TASK DESCRIPTION:
Using the data below, set down every line from the one containing "Persuasion Deck by" through the one containing "Asus Desktop PC", inclusive and unchanged. Pictures are to be skipped.

PROVIDED DATA:
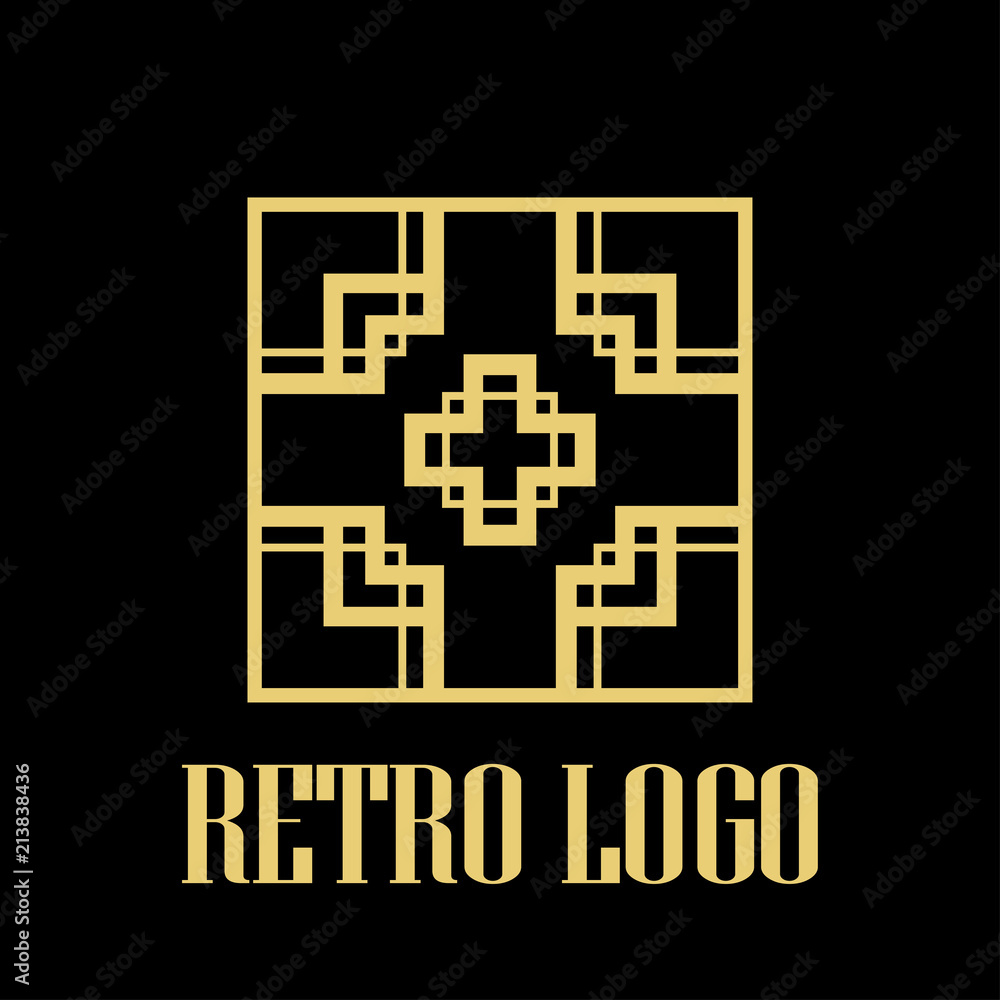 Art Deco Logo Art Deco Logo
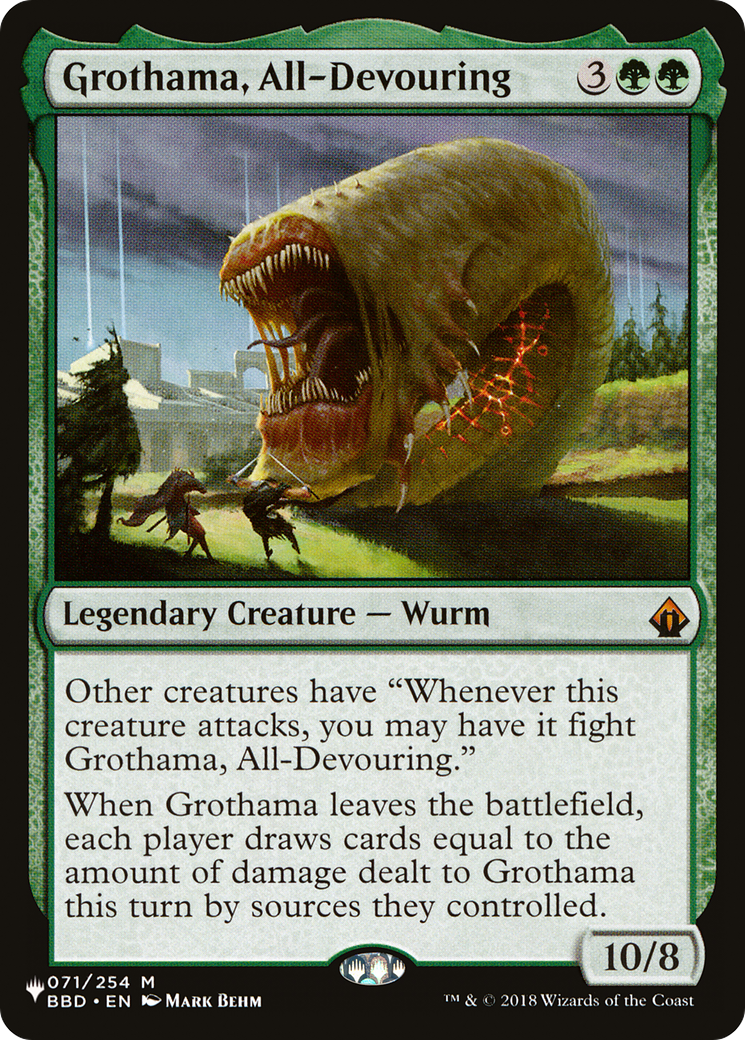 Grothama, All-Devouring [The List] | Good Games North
...
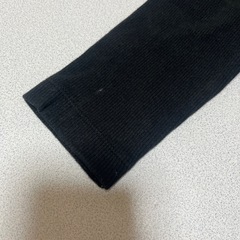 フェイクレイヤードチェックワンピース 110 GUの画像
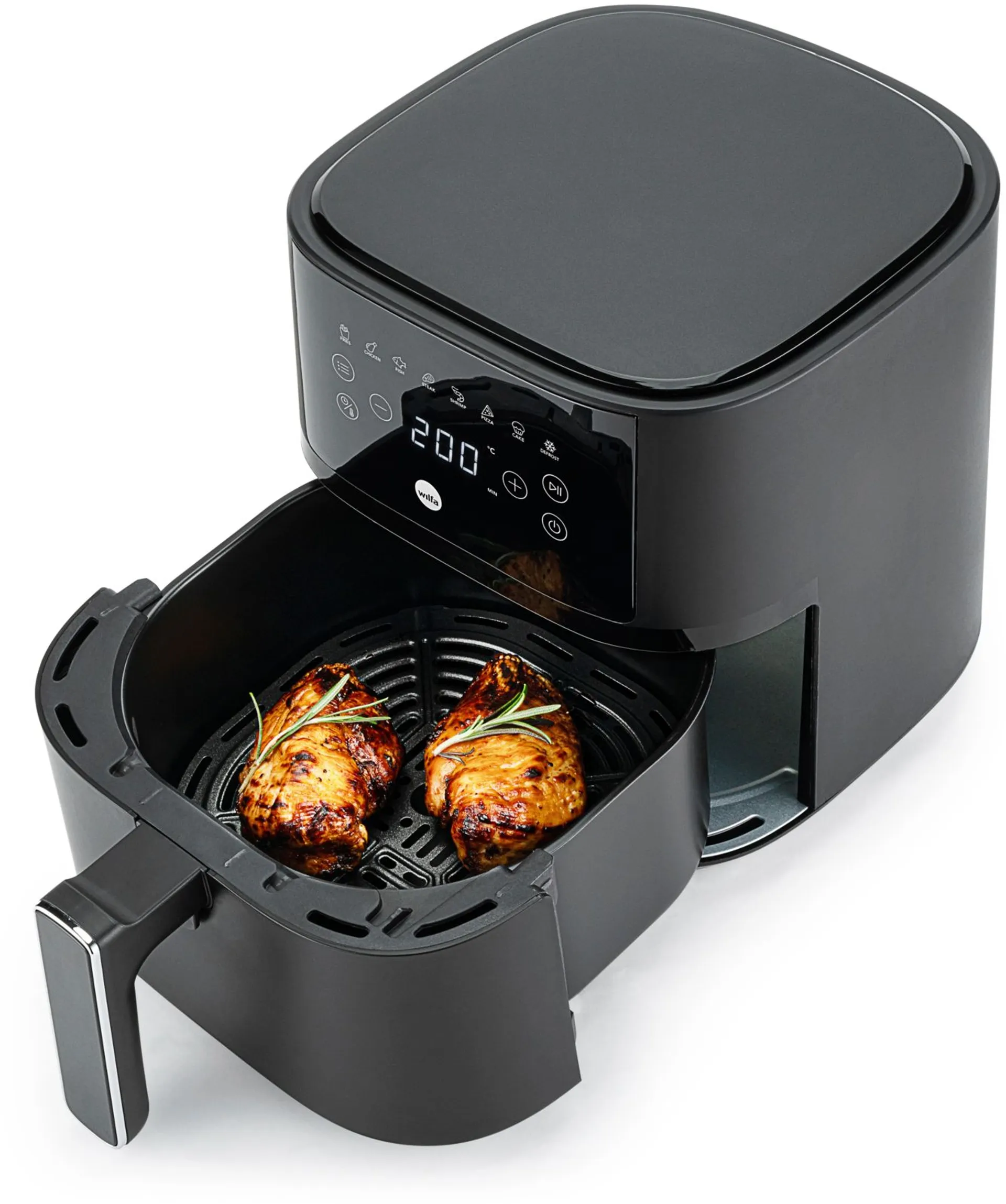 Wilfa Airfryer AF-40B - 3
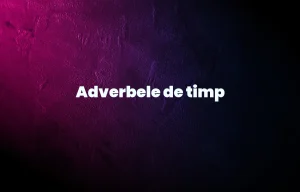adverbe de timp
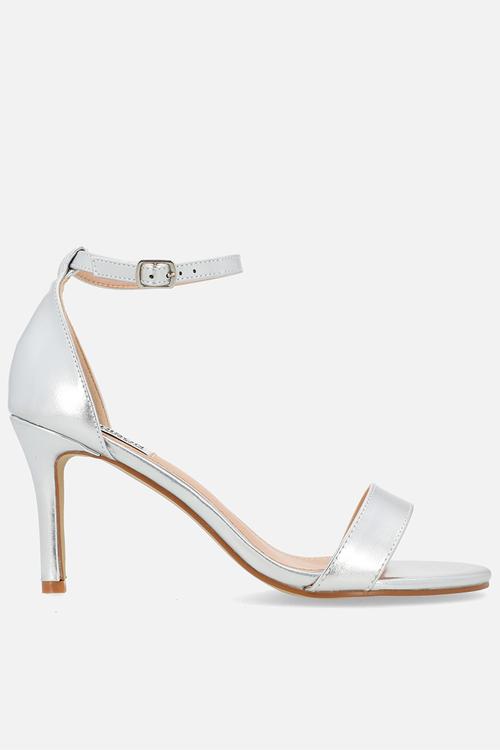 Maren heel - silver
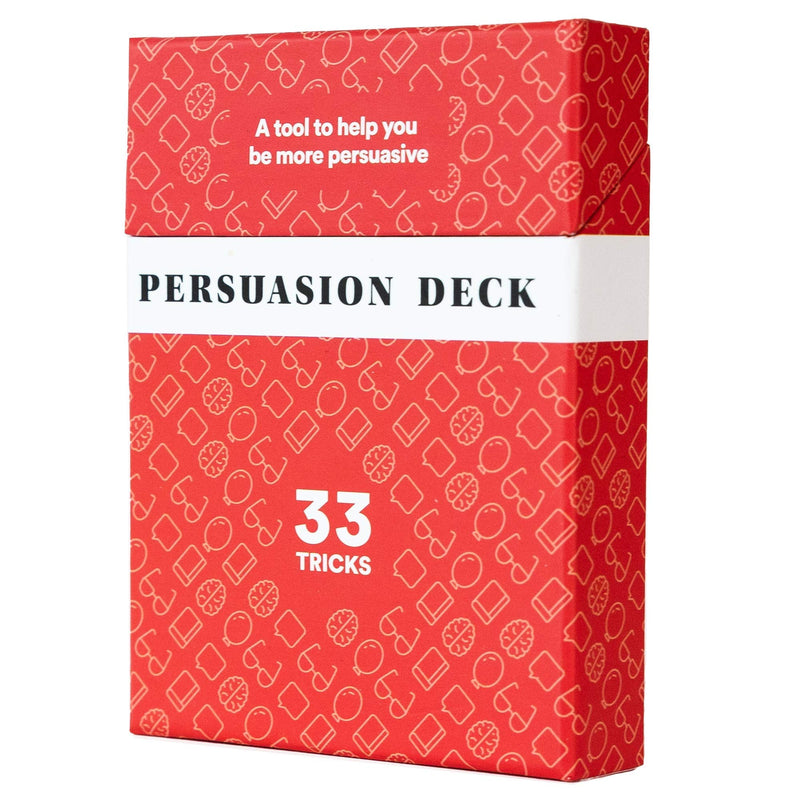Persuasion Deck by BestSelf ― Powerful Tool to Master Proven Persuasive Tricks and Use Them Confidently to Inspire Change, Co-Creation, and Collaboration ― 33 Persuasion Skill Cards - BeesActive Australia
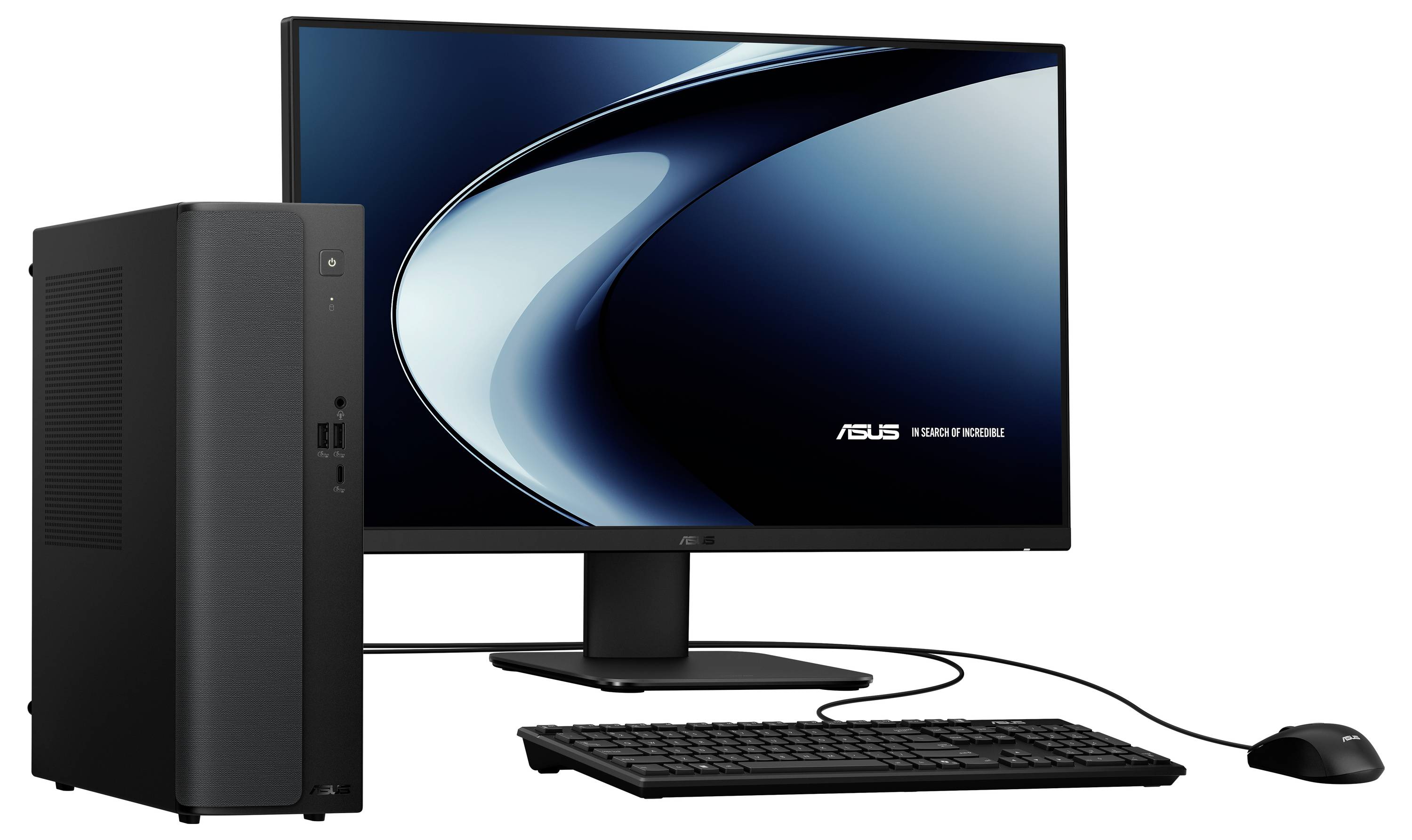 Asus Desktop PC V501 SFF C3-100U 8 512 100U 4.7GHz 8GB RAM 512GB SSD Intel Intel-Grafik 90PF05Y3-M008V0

RESPONSE AREA:
Persuasion Deck by BestSelf ― Powerful Tool to Master Proven Persuasive Tricks and Use Them Confidently to Inspire Change, Co-Creation, and Collaboration ― 33 Persuasion Skill Cards - BeesActive Australia
 Asus Desktop PC V501 SFF C3-100U 8 512 100U 4.7GHz 8GB RAM 512GB SSD Intel Intel-Grafik 90PF05Y3-M008V0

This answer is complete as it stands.